• **The problem**:
All of the data, word for word and free of pictures, is the expected result.

• **Provided entries**:

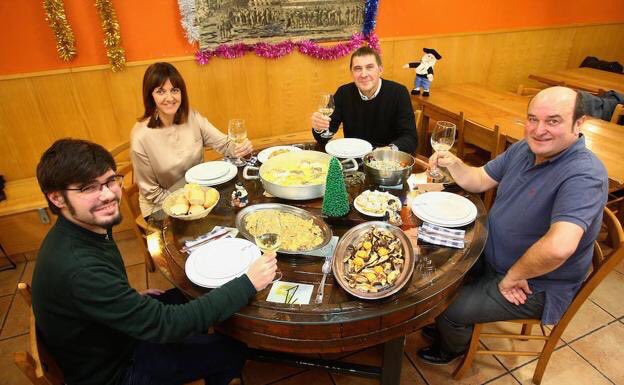 Hay que tener el nivel de decencia muy bajo para criticar los acuerdos de PP y C’s con VOX mientras cenas con Herri Batasuna. Sin vergüenza!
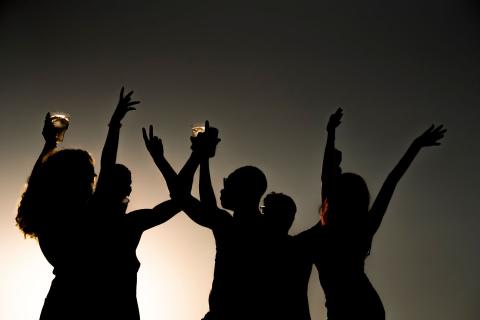 Having a fun time learning. Photo: Oscar Stock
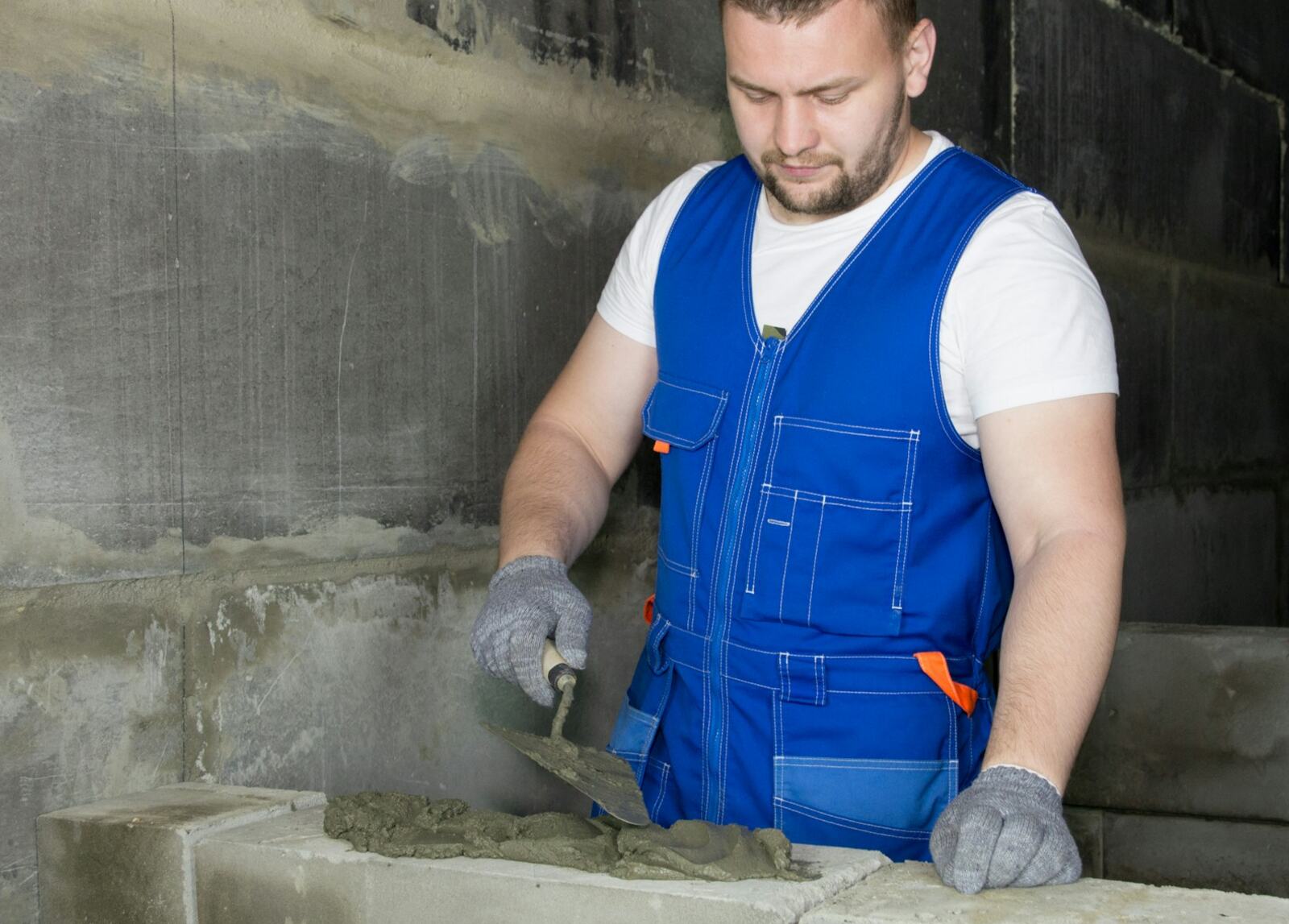 Fachowiec podczas prac elektroinstalacyjnych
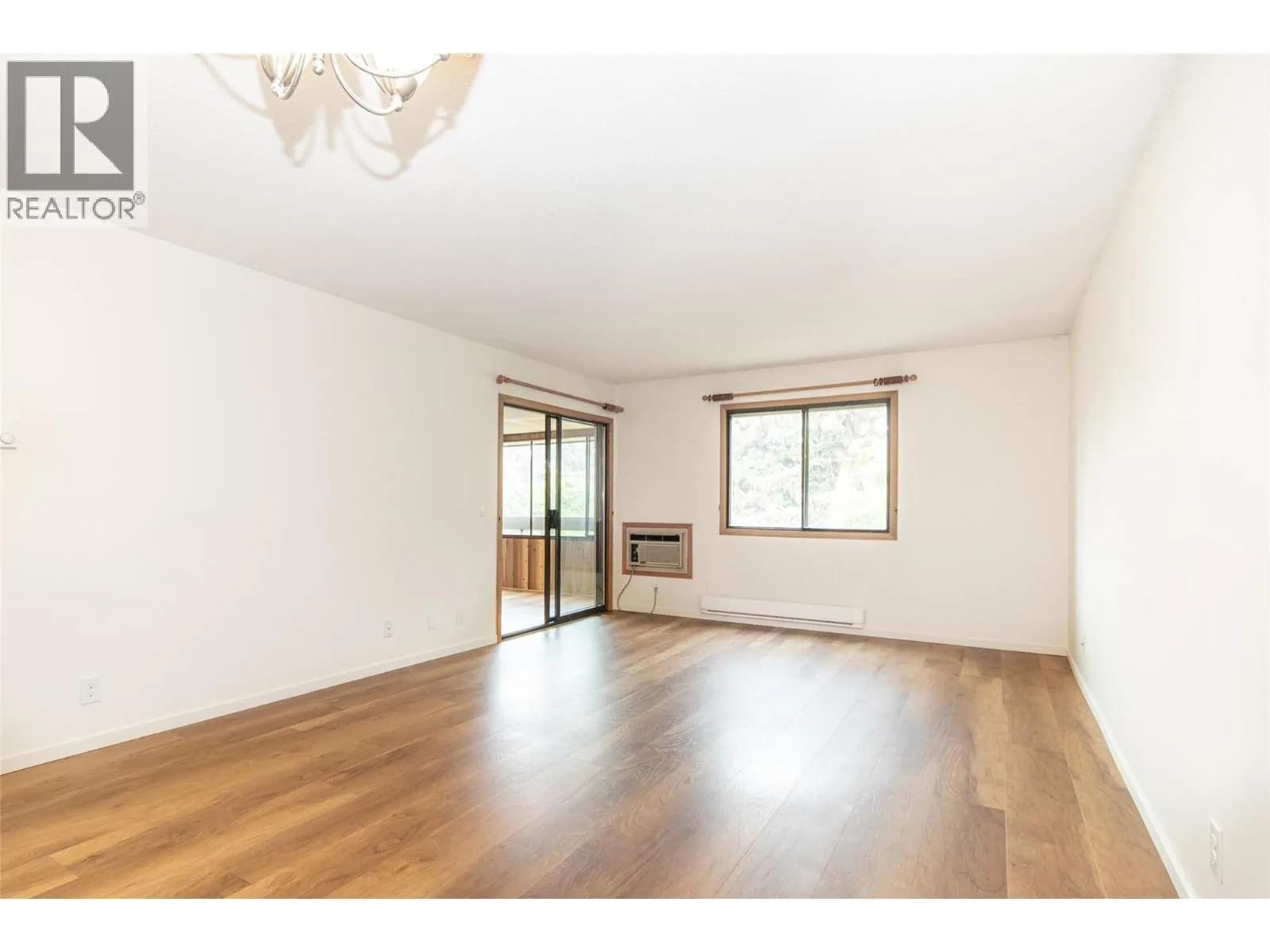 #303 1075 Bernard Avenue, Kelowna, BC photo 3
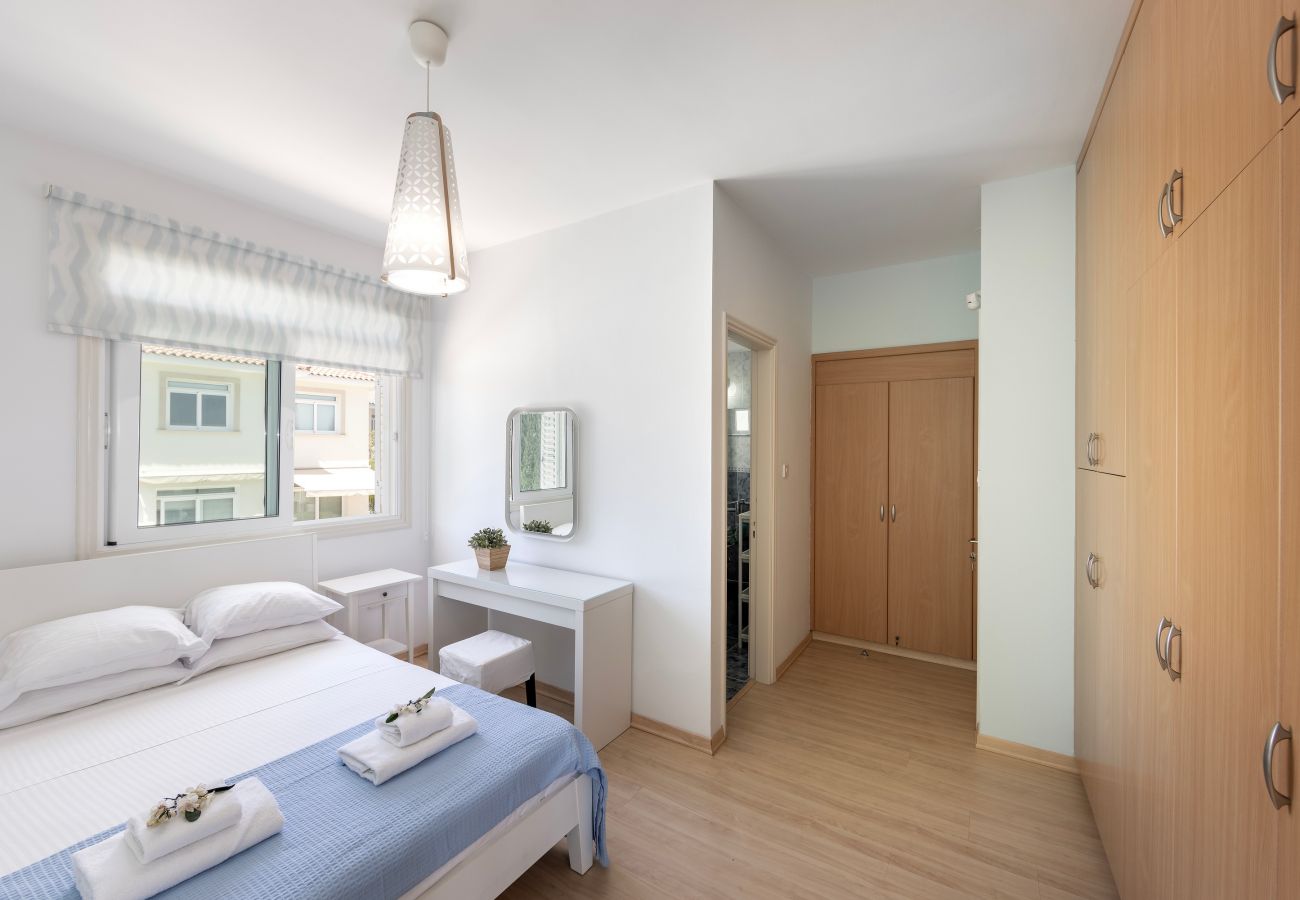 Villa in Protaras - Protaras Sunrise Zen Seafront Villa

• **Exercise result**:
 Hay que tener el nivel de decencia muy bajo para criticar los acuerdos de PP y C’s con VOX mientras cenas con Herri Batasuna. Sin vergüenza!
 Having a fun time learning. Photo: Oscar Stock
 Fachowiec podczas prac elektroinstalacyjnych
 #303 1075 Bernard Avenue, Kelowna, BC photo 3
 Villa in Protaras - Protaras Sunrise Zen Seafront Villa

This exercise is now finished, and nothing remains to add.